Please filter the listing for the string "Type" and copy each matching line.
===============
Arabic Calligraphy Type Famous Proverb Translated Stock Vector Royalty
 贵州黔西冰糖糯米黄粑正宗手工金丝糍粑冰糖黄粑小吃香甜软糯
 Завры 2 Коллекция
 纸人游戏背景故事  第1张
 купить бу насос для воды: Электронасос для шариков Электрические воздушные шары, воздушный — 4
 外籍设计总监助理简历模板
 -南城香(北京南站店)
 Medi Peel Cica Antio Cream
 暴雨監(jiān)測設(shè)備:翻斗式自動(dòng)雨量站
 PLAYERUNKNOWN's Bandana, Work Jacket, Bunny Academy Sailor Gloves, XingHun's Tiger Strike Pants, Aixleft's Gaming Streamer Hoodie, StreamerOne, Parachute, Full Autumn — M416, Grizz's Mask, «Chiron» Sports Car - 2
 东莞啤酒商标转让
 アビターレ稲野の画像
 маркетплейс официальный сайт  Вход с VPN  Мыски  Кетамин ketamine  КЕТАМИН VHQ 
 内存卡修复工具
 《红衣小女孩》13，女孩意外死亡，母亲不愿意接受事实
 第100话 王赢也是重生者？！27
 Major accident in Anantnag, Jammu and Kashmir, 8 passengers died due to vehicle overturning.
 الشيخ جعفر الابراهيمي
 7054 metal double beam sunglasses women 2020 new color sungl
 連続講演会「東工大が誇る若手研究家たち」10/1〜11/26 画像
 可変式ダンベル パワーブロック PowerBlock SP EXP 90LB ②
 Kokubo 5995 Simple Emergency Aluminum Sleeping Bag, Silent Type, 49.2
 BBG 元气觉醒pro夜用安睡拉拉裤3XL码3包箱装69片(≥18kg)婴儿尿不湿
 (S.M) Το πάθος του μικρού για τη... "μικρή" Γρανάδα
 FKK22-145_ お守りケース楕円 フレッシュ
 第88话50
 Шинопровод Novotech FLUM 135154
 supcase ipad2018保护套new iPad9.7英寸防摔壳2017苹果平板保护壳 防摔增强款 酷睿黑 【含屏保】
===============
> Solution below:
Arabic Calligraphy Type Famous Proverb Translated Stock Vector Royalty
 Kokubo 5995 Simple Emergency Aluminum Sleeping Bag, Silent Type, 49.2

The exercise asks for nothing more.